■ Directions
When you reach the line containing "Portrait of happy" in the data below, reproduce it and every line that follows, exactly and without additions.

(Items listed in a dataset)
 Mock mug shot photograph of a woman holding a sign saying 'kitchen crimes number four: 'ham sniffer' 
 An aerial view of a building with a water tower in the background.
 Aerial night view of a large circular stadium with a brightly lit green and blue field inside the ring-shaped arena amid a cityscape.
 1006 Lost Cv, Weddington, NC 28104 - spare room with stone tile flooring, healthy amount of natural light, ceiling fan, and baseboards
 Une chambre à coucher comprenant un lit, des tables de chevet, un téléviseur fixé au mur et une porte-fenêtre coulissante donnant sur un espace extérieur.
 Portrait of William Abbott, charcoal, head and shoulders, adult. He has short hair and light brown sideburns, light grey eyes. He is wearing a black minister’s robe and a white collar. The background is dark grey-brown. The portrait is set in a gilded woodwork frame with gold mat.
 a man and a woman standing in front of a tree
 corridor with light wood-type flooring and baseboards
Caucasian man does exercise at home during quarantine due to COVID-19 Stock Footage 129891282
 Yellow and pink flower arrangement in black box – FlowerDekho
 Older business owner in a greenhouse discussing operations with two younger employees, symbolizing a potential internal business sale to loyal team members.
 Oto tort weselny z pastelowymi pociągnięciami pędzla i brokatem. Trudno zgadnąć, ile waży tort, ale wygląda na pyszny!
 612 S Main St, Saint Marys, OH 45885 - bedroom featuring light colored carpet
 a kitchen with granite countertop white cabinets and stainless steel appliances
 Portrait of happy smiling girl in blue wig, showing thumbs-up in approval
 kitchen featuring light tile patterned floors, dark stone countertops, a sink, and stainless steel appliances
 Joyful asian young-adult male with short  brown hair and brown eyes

■ Answer area
 Portrait of happy smiling girl in blue wig, showing thumbs-up in approval
 kitchen featuring light tile patterned floors, dark stone countertops, a sink, and stainless steel appliances
 Joyful asian young-adult male with short  brown hair and brown eyes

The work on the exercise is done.